B recurrentis, transmitted by the human body louse, causes epidemic relapsing fever; endemic disease is usually transmitted by ticks of the genus Ornithodoros. B hermsii is the cause of relapsing fever in the western United States.
Relapsing fever is characterized by abrupt rise in temperature that persists for 3–5 days. After a brief afebrile hiatus, a second attack occurs, usually related to antigenic variants.
Diagnosis of relapsing fever is best done by obtaining thick and thin blood smears and staining them with Wright or Giemsa stain.
Treatment requires penicillin, tetracycline, or erythromycin.
B burgdorferi is responsible for Lyme disease and is most often transmitted by the nymphal stage of the Ixodes tick.
Lyme disease occurs in stages. The hallmark of stage 1 is erythema migrans at the site of the tick bite.

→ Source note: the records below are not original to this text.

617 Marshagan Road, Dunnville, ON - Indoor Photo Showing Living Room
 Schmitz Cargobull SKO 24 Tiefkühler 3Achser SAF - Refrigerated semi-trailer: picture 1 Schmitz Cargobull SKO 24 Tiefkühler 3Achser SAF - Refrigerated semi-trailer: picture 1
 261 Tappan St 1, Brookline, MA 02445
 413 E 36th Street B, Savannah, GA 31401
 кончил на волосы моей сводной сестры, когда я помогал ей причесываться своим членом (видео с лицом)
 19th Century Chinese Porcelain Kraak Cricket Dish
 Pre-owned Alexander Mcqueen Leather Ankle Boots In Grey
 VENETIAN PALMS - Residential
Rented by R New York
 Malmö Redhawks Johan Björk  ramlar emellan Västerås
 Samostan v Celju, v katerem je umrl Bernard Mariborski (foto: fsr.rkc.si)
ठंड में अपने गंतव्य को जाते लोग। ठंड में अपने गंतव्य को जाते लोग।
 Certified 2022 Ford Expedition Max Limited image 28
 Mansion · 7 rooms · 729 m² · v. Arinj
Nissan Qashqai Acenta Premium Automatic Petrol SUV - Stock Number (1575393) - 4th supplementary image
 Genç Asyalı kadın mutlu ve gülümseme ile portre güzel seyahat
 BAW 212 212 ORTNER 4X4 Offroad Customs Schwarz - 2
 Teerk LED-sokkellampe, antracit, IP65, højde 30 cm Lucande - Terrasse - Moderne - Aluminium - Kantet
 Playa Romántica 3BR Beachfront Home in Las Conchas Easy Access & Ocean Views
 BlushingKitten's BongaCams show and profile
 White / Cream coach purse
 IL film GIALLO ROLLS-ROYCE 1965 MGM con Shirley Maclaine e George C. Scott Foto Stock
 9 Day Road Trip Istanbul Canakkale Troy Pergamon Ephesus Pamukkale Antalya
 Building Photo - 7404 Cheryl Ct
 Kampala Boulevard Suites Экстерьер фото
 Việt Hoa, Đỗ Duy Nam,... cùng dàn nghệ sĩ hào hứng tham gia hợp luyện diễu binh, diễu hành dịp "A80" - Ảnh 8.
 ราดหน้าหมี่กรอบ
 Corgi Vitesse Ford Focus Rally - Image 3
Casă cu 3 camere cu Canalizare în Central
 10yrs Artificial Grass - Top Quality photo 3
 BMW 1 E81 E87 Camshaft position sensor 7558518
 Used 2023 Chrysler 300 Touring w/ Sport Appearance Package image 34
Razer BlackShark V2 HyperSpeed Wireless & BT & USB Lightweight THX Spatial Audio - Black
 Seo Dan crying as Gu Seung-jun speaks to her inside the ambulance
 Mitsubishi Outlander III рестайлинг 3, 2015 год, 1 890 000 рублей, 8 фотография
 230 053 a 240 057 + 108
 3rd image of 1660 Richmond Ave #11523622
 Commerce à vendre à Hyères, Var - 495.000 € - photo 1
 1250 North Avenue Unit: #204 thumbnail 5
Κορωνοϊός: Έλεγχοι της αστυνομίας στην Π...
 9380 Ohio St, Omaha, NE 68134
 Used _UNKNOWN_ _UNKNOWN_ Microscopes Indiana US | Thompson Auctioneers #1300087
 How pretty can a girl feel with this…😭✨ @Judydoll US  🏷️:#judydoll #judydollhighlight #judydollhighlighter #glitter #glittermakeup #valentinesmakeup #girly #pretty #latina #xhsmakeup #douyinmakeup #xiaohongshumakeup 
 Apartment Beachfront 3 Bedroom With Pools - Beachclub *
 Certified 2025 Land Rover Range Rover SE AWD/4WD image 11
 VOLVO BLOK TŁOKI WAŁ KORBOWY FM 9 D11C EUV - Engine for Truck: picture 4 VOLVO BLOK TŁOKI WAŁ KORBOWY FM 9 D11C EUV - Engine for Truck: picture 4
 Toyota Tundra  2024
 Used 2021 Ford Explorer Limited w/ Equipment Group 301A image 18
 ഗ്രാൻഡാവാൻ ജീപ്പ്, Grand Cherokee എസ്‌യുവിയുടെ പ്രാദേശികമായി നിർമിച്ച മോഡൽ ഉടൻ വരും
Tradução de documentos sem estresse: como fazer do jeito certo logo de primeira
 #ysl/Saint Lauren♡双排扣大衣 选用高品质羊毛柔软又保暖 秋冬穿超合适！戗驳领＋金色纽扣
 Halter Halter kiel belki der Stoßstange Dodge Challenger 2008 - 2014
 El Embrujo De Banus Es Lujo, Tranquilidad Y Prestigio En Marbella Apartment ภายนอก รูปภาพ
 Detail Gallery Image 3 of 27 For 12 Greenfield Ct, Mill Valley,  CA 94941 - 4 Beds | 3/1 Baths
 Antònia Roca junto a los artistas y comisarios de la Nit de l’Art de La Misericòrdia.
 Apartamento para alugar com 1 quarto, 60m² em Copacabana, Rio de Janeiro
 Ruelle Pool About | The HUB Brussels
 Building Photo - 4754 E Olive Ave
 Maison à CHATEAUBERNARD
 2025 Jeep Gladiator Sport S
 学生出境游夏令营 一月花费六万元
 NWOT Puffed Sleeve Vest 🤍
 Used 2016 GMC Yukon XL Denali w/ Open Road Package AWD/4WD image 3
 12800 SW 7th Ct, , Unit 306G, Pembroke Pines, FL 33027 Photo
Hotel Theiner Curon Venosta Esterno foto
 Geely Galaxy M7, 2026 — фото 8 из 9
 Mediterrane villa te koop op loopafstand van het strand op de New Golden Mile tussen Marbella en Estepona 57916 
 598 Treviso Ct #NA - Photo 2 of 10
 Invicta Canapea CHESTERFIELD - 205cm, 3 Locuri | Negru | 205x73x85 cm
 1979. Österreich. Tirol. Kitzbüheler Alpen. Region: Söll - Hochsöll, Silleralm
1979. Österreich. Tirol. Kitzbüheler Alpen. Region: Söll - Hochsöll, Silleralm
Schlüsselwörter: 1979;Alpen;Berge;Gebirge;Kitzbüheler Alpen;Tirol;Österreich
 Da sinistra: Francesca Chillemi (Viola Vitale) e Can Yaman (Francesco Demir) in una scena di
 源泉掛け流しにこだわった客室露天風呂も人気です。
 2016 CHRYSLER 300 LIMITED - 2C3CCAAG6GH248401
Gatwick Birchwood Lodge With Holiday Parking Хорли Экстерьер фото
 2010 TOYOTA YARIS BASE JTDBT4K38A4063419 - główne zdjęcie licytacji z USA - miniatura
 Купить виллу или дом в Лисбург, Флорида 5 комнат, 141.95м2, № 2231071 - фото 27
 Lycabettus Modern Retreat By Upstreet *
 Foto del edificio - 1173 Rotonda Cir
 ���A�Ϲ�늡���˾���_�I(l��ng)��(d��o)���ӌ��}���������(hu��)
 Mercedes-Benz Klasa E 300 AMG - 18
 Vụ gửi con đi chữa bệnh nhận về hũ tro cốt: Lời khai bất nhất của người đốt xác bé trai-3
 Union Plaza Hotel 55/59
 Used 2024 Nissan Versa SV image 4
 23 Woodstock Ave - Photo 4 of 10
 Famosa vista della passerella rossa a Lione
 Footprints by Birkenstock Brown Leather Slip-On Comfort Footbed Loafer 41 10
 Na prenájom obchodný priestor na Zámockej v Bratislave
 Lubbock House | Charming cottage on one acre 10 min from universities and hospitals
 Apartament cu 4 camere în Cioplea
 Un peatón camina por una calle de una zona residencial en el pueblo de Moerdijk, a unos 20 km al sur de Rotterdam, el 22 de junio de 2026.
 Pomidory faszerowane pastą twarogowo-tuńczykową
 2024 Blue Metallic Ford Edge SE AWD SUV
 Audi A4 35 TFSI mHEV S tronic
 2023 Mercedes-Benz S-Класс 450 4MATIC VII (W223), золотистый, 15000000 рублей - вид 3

Stages 2 and 3 are characterized by arthritis and cardiac and neurologic manifestations.
Diagnosis rests on a two-stage serologic approach beginning with an EIA or IFA test followed by an immunoblot assay for reactivity to specific antigens if the screening test result is positive.
Treatment depends on the stage of the disease; penicillin, doxycycline, cefuroxime, and parenteral ceftriaxone have all been effective.